By Ross Harvey, Conservation Action Trust, 14 February 2020
“Why not allow any willing bidder (such as the EMS Foundation) to pay for these licences if that raises revenue to conserve magnificent bull elephants instead of eliminating them?“
The Botswana government has again demonstrated to the world that it either does not understand or does not care that elephants play a critical role in maintaining healthy ecological systems, nor does it understand that killing off prime elephant bulls undermines the very basis of its successful ecotourism economy.
Elephant killing auction
Evoking international condemnation, the Botswana government held a major hunting auction on 7 February. Six of the seven packages (of ten elephants each) were sold to the same white-owned hunting companies that benefited from Botswana’s hunting industry before the 2013 hunting moratorium. One package failed to reach the reserve price.
These 70 licences form the ‘special elephant quota’ element of the 2020 hunting quota of 272 elephants. Adverts for the auctions were only released to the public on 3 February. Interested bidders then only had until 7 February to register – at best an indication of the rushed way in which the reintroduction of hunting to Botswana has been managed; at worst, an indication of pre-decided outcomes.
The EMS Foundation, a South-African based conservation advocacy and research organisation, attempted to bid for the licences. It wrote a letter to Dr Cyril Taolo, the director of Wildlife and National Parks, requesting a revision of the qualifying criteria:
to enable us to bid on the hunting packages on the 7th of February 2020 with the express intention that the elephants included in these packages are not hunted should our bids be successful.
The letter further notes that:
we wish to purchase available licences with no intention to hunt elephants, but for the money to be appropriately distributed in a way that benefits conservation.
Local communities would therefore not be deprived of the revenue that would otherwise accrue through auctioning off elephant hunts.
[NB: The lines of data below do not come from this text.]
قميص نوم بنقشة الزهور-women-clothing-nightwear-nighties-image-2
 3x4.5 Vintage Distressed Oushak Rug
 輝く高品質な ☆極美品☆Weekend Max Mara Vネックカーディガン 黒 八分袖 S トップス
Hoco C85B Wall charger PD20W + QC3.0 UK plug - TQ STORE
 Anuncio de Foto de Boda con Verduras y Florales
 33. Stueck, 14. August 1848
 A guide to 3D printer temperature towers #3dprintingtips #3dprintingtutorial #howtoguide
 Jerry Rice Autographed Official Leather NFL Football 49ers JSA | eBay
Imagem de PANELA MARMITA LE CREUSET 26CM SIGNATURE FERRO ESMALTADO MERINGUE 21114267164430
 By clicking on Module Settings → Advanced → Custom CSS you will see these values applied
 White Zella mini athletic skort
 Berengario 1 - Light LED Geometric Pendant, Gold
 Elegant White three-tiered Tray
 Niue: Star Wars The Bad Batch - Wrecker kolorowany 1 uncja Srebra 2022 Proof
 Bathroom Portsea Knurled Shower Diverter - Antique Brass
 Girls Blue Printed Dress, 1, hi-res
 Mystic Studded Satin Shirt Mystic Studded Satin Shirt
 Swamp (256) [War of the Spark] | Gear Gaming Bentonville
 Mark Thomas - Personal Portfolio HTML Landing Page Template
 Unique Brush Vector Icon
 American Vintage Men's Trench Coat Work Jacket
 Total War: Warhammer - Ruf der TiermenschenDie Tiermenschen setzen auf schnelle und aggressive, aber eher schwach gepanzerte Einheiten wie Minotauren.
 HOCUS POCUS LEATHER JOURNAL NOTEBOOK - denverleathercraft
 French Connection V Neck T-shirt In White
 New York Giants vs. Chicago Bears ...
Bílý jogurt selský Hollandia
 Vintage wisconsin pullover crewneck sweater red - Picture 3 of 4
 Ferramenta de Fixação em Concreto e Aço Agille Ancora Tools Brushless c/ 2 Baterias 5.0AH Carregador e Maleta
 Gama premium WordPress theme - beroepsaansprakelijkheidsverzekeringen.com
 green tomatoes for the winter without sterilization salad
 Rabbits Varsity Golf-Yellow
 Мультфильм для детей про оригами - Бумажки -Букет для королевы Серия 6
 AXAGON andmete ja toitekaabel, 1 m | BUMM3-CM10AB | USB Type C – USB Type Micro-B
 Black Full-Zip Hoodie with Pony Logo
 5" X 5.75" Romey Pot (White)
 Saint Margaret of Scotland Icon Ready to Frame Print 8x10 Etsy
Of course, the hunting outfitters would lose out, but communities would have cash in hand, provided appropriate governance mechanisms were established through which to equitably distribute the revenue.
The letter objects to the fact that the bid criteria “explicitly excludes tourism operators or foundations/companies such as ours that do not want to hunt elephants but do desire to fund non-consumptive conservation in Botswana”. Clearly, those who are willing to invest directly in conservation activities, and even subsidise revenue shortfalls in areas where non-consumptive tourism is apparently unviable, have been overtly excluded from the bidding process.
An arbitrary quota
The licences on auction were 10 each for CT4, CT7, CT29, NG8, NG9, NG11, and NG35. Ngamiland concessions 8, 9, and 11 are held by local communities. Local communities in NG3 objected to hunting in their concession (where a hunting disaster occurred in 2019 involving the shooting of a collared research bull). Consequently, there is no 2020 quota for NG3, but the quotas for some of the neighbouring concessions appear too high.
There has also been no consideration given to maintaining hunting-free corridors in critical areas such as NG41, which will be auctioned later. This suggests that the quota is not based on science: the way in which it has been divided up is arbitrary. If there is science to support the quota and the way in which it has been allocated, this should be made publicly available.
The results of the auction are telling. Six 10-elephant packages sold for between $330,000 and $435,000 each. The package for CT29 did not sell because it did not fetch the minimum clearing price. The government amassed a total of $2,355,000 for six packages. There is no indication of how this money will be spent. One can only question the governance process. Successful bidders will now look to sell elephant hunts for upwards of $60,000 per elephant, normally paid into foreign bank accounts. At an average cost of $39,250, the margins are impressive. But where is the governance guarantee that local community members are actually going to benefit from these licences distributed to wealthy hunting operators? Community-based natural resource management schemes were a governance mess long before the hunting moratorium was imposed.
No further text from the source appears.